_WHAT IS REQUIRED_: Each record that follows should be duplicated exactly, except for its pictures.

_PROVIDED INFORMATION_:
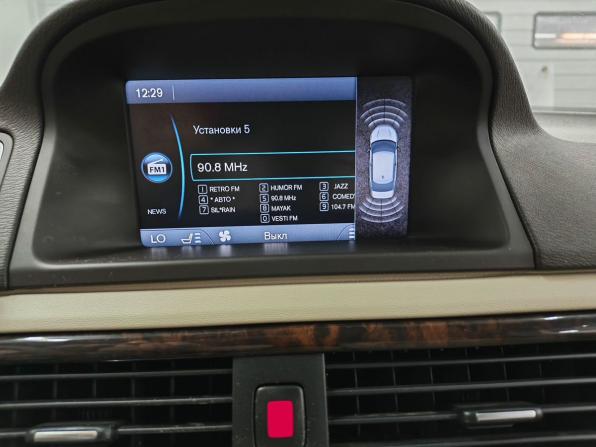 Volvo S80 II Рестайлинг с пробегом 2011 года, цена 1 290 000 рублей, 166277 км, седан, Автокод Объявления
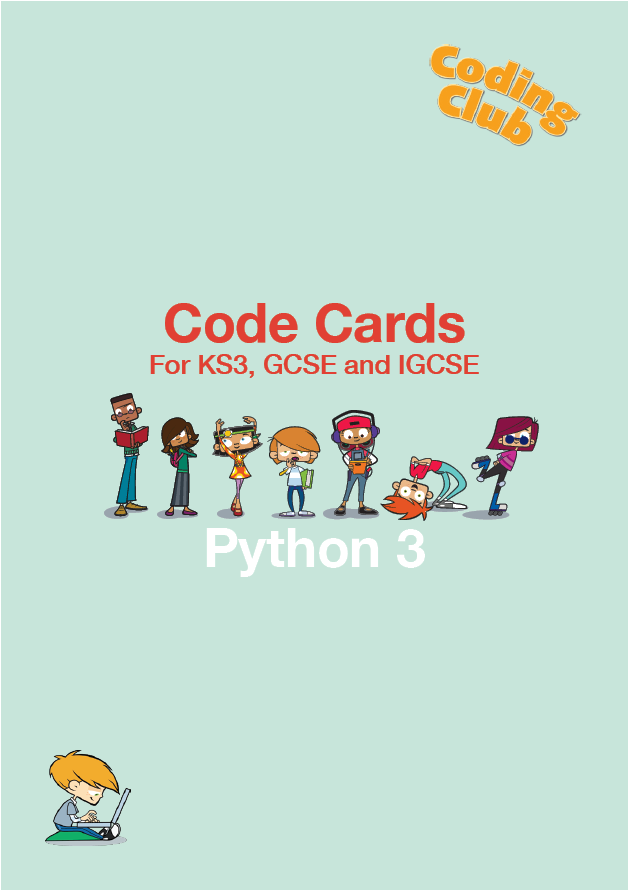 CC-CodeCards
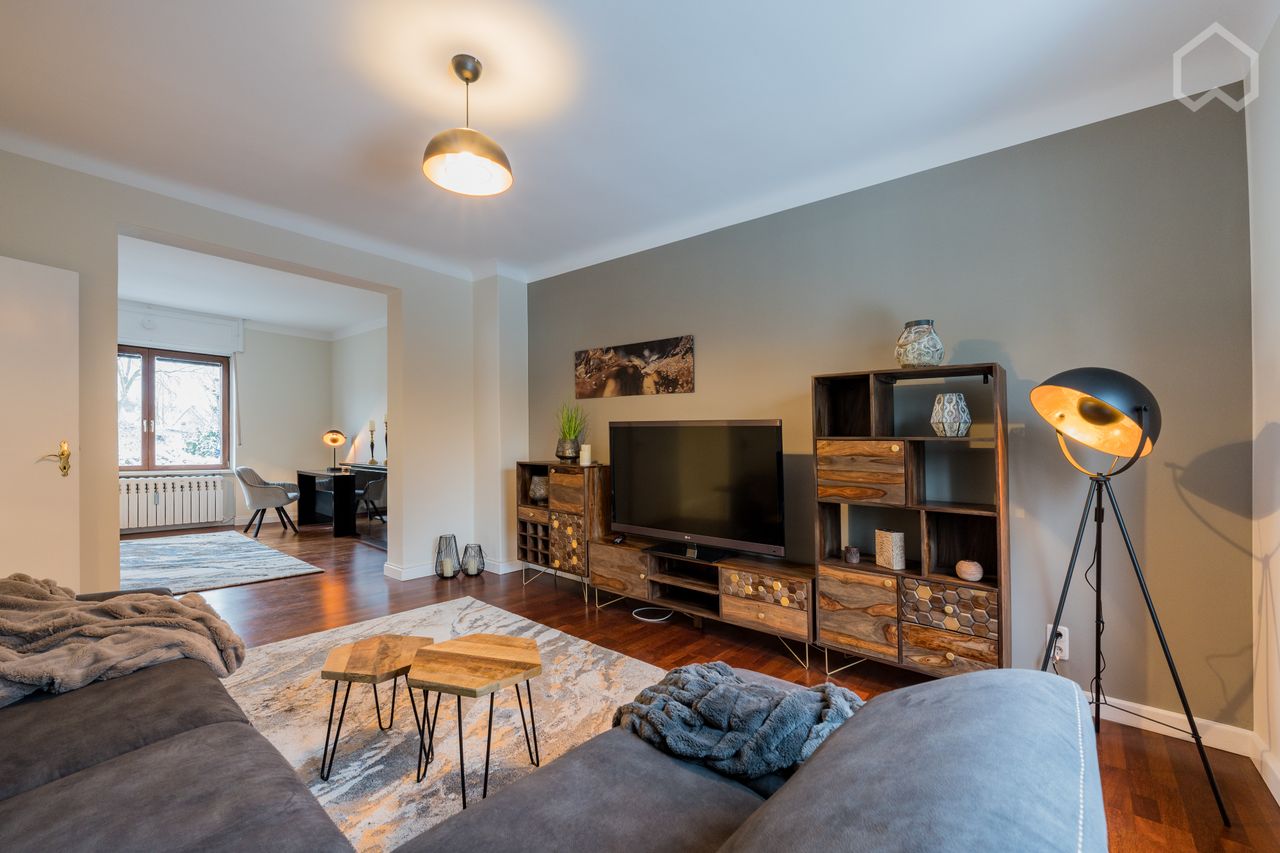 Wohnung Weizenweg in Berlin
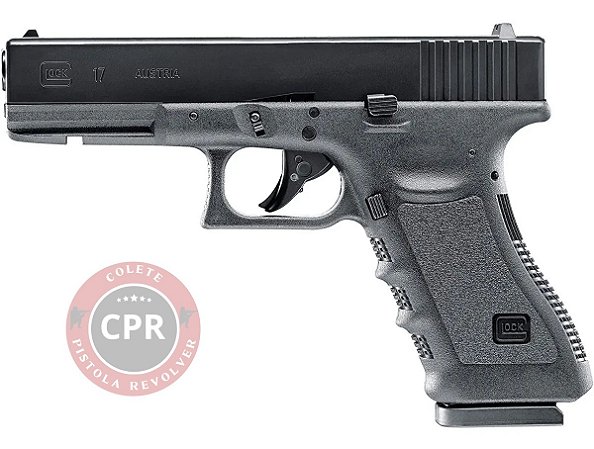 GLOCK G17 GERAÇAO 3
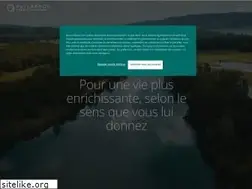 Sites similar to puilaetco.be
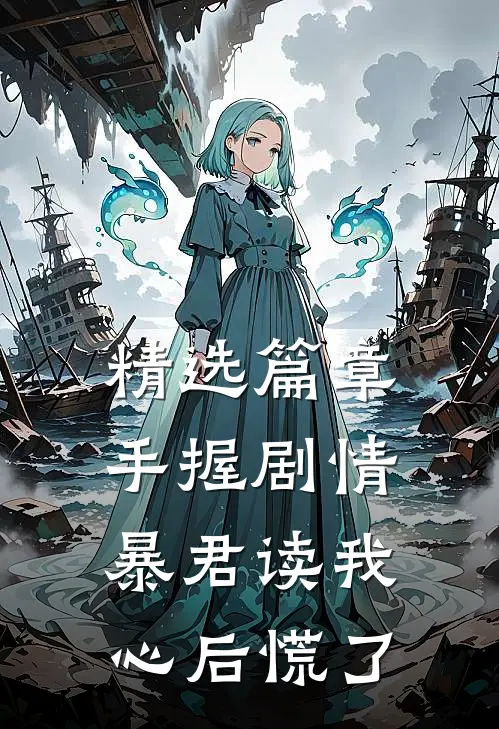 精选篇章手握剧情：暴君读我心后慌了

_EXERCISE ANSWER_:
 Volvo S80 II Рестайлинг с пробегом 2011 года, цена 1 290 000 рублей, 166277 км, седан, Автокод Объявления
 CC-CodeCards
 Wohnung Weizenweg in Berlin
 GLOCK G17 GERAÇAO 3
 Sites similar to puilaetco.be
 精选篇章手握剧情：暴君读我心后慌了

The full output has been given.